* [Work instructions]:
Write out, word for word, every line in the data below from the one containing "Dudi Furniture Hawkin" to the one containing "Heat-Resistant Semi-automatic Magnetic", both of them included.

* [Provided entries]:
= Beginning of Section =

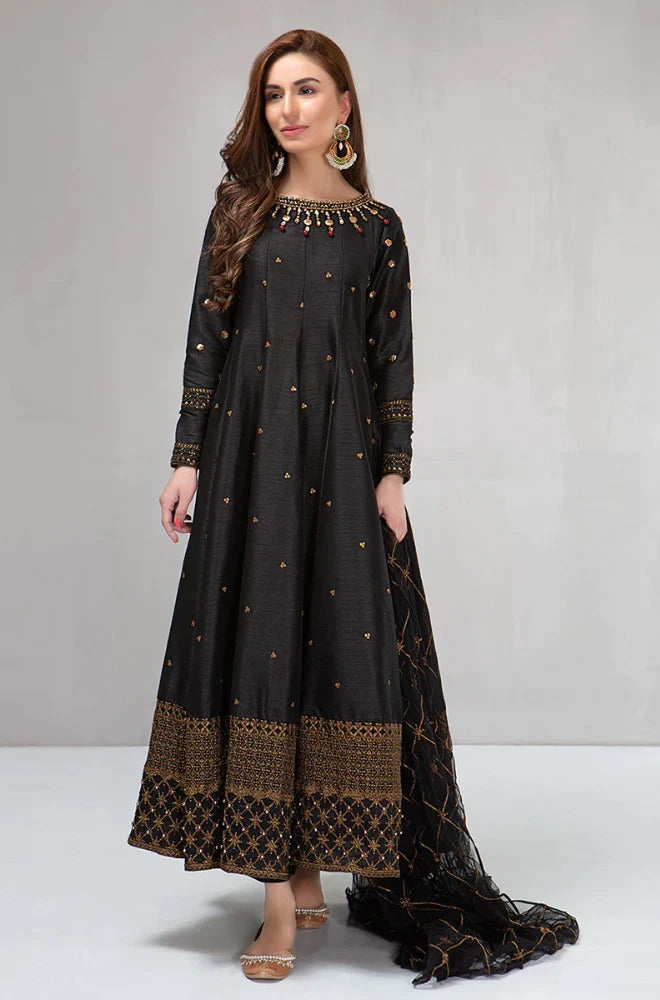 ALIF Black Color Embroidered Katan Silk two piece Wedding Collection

= End of Section =
= Beginning of Section =

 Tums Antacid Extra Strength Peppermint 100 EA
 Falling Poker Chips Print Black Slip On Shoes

= End of Section =
= Beginning of Section =

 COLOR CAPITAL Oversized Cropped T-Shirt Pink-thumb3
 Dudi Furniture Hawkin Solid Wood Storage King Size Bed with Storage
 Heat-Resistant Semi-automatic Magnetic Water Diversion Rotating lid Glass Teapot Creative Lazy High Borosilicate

= End of Section =

* [Solution for this problem]:
 Dudi Furniture Hawkin Solid Wood Storage King Size Bed with Storage
 Heat-Resistant Semi-automatic Magnetic Water Diversion Rotating lid Glass Teapot Creative Lazy High Borosilicate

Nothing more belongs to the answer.